Executor’s are generally entitled to an Executor’s commission. This may be included as a clause in the Will, alternatively an Executor may be granted Commission with consent from each beneficiary. There is also an option for an Executor to receive a payment in lieu of the commission, that is the Executor will receive a specified sum of money under a clause in the Will instead of the commission there are ordinarily entitled.
You Will will explicitly state where these assets are to be divided. For example, if you wish for a certain person to inherit your house, then you will need to provide that person’s full name and the property address to be distributed. Another example, if you wish to gift a certain amount of money, then you will need to include the person’s full name and the monetary amount to be gifted.
It is important to be clear and precise in your instructions in the Will to lessen the chances of challenge or invalidity. This is why it is important to seek legal advice so your Will can be properly drafted and executed in accordance with the law.

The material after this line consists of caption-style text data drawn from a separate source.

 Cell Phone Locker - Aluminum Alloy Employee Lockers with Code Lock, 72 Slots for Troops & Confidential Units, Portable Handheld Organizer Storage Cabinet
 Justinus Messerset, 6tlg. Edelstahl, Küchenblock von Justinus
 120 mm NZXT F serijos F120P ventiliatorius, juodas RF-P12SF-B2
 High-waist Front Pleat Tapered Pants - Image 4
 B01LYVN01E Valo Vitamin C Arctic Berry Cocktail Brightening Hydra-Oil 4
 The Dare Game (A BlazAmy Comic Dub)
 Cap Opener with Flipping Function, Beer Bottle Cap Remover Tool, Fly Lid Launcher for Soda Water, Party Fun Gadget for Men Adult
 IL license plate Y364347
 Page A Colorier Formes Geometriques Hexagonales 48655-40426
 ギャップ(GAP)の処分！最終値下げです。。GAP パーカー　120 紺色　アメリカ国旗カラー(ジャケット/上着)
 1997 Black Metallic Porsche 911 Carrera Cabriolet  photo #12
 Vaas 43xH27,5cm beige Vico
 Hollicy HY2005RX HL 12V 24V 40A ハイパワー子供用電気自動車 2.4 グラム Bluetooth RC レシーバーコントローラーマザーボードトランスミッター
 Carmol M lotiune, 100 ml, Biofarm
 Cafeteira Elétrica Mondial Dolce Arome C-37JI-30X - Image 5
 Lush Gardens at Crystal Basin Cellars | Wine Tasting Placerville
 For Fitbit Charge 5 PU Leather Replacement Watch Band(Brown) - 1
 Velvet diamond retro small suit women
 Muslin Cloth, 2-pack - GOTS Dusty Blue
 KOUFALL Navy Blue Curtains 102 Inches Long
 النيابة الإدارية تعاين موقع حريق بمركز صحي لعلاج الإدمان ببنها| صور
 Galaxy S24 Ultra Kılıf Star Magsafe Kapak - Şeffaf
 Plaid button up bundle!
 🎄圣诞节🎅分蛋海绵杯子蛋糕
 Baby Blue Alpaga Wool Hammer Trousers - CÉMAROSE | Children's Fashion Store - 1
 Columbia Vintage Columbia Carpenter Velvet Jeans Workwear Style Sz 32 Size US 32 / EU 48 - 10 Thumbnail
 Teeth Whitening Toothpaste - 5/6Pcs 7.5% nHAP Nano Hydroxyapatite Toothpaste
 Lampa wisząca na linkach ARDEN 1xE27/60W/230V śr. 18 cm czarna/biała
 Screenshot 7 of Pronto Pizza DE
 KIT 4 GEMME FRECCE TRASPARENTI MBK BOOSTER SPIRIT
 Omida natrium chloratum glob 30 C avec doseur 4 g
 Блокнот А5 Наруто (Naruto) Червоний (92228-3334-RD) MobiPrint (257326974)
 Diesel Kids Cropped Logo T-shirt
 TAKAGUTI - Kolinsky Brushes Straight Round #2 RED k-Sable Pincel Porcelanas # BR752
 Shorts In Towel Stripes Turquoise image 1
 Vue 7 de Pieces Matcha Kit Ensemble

If you do not wish to have specific gifts in your Will, then the assets will form as your ‘residual estate’. This residual estate will go to the person you nominate in the Will.
It was common for Will makers to include directions relating to their medical care before death. However, these clauses are now largely redundant with the increase in enduring powers of attorney (medical treatment), governed by the Medical Treatment Planning and Decisions Act 2016.
As such, entering into a medical power of attorney will allow you to elect a treatment decision maker of your choice who will make medical based decisions on your behalf when you are no longer able to do so.
It is common for Will makers to include instructions as to whether they would like their remains to be subject to burial, cremation, or organ donation. A Will maker may also elect where they would like to be buried, and where they would like their ashes scattered. Further, Will makers may direct that their remains be available for medical or scientific purposes, such as education or research.
If you have such wishes, it is advised you inform your Executor. Often Will’s are not available to be seen by the Executor until after the funeral, so if you have strong wishes for your remains, then it is strongly advised you inform your Executor so they may act on your instructions.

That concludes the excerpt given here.